Mujadid
KH Ahmad Rifai Arief, Ulama Santun Pendidik Umat
KH Ahmad Rifai Arief adalah Ulama dari Kampung Pasir Gintung. Dia sukses mendirikan banyak pondok pesantren.
Untuk merintis sebuah pondok pesantren, seseorang perlu berikhtiar dan melalui upaya yang tidak mudah. Bila lebih dari satu lembaga didirikannya, tentu kerja keras yang dilaluinya luar biasa.

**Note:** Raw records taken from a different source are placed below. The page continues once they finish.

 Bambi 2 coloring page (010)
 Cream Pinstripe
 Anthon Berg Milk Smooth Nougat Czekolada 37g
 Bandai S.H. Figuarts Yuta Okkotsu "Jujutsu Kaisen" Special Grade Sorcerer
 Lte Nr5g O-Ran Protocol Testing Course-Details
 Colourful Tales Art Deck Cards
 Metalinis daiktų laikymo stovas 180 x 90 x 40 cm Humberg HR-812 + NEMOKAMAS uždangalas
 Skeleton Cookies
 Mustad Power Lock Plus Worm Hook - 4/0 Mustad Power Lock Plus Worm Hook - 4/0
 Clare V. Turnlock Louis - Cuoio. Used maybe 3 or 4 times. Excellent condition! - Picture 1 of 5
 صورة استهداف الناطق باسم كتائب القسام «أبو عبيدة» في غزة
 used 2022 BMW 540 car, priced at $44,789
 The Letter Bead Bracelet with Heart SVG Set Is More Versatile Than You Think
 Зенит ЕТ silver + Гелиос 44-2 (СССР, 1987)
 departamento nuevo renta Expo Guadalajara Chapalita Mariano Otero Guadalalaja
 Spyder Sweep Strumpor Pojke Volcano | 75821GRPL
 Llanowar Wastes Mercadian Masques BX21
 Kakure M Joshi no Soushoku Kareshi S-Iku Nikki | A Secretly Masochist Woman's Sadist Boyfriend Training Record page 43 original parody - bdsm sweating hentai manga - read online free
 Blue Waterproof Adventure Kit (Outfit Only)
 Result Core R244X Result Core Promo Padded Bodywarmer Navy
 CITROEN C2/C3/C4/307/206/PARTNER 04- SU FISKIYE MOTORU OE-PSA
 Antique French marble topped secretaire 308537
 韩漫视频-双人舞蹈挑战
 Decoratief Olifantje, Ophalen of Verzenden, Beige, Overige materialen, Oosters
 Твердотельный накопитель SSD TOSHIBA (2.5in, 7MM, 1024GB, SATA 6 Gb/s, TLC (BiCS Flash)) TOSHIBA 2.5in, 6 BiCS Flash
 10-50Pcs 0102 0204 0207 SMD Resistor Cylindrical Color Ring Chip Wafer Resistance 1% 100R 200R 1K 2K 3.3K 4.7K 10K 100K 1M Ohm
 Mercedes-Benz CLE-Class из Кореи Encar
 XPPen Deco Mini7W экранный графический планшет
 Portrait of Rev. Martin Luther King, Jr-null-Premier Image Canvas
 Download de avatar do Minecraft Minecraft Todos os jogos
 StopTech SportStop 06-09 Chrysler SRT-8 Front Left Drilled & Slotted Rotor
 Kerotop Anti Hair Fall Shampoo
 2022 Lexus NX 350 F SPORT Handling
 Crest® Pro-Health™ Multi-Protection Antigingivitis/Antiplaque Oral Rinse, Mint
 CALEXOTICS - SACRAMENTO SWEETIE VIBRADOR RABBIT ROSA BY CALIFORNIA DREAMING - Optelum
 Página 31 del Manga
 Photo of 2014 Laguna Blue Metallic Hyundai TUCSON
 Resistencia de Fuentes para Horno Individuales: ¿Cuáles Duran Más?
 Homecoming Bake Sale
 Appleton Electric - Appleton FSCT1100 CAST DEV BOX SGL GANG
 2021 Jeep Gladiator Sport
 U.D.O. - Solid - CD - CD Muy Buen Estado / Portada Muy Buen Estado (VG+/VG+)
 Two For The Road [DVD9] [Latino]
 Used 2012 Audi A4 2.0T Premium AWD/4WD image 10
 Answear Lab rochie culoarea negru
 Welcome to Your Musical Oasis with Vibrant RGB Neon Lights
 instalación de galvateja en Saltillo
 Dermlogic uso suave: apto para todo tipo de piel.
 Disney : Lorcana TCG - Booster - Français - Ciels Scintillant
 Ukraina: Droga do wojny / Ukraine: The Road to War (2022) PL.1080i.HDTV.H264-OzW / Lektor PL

Itulah yang dialami KH Ahmad Rifa’i Arief. Ulama dari Tangerang, Banten, tersebut berhasil mendirikan empat lembaga pendidikan Islam sekaligus. Keempatnya adalah Pondok Pesantren Daar el-Qolam, Pondok Pesantren La Tansa, Pondok Pesantren Sakinah La Lahwa, serta Sekolah Tinggi Ilmu Ekonomi/Sekolah Tinggi Agama Islam (STIE/STAI) La Tansa Mashiro.
Ahmad Rifa’i Arief merupakan putra sulung dari pasangan Haji Qasad Mansyur bin Markai Mansyur dan Hajjah Hindun Masthufah binti Rubama. Di Kampung Pasir Gintung, Jayanti, Tangerang, Haji Qasad dikenal sebagai seorang mubaligh.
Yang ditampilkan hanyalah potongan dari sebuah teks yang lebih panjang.